[About this exercise] Only one stretch of the records below is wanted: the lines from the one holding "First Aid Gear" through the one holding "SELF SERVICE N°65". Return it exactly, both ends included.
#### Exercise material ####
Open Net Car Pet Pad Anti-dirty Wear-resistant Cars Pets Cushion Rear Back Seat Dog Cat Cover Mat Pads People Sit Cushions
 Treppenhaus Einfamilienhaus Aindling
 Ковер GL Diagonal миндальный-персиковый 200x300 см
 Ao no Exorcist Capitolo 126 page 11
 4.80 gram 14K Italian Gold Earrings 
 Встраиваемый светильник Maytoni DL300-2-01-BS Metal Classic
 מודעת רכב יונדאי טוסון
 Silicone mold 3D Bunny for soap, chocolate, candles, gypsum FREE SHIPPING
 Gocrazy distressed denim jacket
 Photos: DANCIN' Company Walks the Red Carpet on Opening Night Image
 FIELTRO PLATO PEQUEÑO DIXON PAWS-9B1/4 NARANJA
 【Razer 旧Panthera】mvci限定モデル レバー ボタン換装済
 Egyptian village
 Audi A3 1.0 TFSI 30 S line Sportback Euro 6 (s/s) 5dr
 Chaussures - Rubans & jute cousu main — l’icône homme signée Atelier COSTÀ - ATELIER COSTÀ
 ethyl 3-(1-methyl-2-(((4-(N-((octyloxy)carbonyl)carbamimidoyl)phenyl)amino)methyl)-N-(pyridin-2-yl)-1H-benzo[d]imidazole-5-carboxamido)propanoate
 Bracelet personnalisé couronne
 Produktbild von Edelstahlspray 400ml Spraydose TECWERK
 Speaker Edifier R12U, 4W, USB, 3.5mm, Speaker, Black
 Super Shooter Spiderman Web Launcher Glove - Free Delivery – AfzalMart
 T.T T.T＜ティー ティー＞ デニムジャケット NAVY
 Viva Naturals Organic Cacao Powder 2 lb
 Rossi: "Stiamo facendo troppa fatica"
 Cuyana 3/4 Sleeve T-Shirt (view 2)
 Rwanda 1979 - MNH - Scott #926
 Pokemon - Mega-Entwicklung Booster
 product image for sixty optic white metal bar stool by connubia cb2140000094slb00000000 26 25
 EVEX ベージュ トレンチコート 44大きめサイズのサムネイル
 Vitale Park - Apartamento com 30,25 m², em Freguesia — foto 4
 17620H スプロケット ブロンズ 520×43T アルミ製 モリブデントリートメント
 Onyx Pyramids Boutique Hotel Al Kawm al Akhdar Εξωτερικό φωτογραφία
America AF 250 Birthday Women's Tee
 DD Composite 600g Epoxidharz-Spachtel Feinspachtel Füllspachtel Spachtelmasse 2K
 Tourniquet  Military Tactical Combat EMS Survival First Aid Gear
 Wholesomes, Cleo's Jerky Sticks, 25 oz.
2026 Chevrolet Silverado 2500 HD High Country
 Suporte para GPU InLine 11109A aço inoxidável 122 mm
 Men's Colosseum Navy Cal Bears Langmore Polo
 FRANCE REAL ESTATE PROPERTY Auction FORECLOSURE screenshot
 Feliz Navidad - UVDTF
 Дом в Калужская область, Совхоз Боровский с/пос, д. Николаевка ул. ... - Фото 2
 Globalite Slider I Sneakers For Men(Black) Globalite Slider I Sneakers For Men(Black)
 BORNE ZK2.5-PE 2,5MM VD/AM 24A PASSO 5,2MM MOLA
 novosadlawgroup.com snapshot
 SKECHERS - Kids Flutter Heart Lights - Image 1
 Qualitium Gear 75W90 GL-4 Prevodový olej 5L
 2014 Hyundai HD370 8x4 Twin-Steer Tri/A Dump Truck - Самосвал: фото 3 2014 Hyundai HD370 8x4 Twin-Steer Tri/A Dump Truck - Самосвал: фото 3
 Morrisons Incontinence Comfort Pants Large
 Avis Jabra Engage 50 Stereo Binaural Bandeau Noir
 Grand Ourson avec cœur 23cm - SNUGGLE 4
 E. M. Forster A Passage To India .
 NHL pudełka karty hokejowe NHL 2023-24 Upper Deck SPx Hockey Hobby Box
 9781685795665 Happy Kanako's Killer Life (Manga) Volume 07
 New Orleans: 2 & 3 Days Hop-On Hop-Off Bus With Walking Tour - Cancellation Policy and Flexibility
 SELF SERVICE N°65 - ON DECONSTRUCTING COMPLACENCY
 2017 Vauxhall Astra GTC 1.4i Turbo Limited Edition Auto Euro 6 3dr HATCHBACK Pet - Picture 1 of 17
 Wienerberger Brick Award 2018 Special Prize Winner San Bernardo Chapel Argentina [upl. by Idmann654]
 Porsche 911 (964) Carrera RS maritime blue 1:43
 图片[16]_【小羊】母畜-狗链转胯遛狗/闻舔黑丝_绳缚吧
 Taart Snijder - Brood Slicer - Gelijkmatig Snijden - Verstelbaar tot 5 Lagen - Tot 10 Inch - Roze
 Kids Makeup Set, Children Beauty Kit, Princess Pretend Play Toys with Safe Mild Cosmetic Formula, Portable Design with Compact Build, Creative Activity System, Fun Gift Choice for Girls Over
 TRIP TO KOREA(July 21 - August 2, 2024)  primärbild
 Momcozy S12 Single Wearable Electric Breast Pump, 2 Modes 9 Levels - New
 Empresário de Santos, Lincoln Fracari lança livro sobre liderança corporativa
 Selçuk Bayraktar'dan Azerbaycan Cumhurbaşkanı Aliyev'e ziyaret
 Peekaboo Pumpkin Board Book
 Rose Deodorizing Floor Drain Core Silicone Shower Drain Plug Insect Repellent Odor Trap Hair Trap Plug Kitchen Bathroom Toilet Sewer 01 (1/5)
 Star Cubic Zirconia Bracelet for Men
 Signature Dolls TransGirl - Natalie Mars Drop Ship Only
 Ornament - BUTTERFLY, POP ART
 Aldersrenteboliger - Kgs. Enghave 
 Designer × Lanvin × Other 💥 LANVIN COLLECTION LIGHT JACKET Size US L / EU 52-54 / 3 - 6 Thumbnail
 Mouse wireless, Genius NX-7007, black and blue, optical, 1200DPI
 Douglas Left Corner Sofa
####
[Output for this task]
 Tourniquet  Military Tactical Combat EMS Survival First Aid Gear
 Wholesomes, Cleo's Jerky Sticks, 25 oz.
2026 Chevrolet Silverado 2500 HD High Country
 Suporte para GPU InLine 11109A aço inoxidável 122 mm
 Men's Colosseum Navy Cal Bears Langmore Polo
 FRANCE REAL ESTATE PROPERTY Auction FORECLOSURE screenshot
 Feliz Navidad - UVDTF
 Дом в Калужская область, Совхоз Боровский с/пос, д. Николаевка ул. ... - Фото 2
 Globalite Slider I Sneakers For Men(Black) Globalite Slider I Sneakers For Men(Black)
 BORNE ZK2.5-PE 2,5MM VD/AM 24A PASSO 5,2MM MOLA
 novosadlawgroup.com snapshot
 SKECHERS - Kids Flutter Heart Lights - Image 1
 Qualitium Gear 75W90 GL-4 Prevodový olej 5L
 2014 Hyundai HD370 8x4 Twin-Steer Tri/A Dump Truck - Самосвал: фото 3 2014 Hyundai HD370 8x4 Twin-Steer Tri/A Dump Truck - Самосвал: фото 3
 Morrisons Incontinence Comfort Pants Large
 Avis Jabra Engage 50 Stereo Binaural Bandeau Noir
 Grand Ourson avec cœur 23cm - SNUGGLE 4
 E. M. Forster A Passage To India .
 NHL pudełka karty hokejowe NHL 2023-24 Upper Deck SPx Hockey Hobby Box
 9781685795665 Happy Kanako's Killer Life (Manga) Volume 07
 New Orleans: 2 & 3 Days Hop-On Hop-Off Bus With Walking Tour - Cancellation Policy and Flexibility
 SELF SERVICE N°65 - ON DECONSTRUCTING COMPLACENCY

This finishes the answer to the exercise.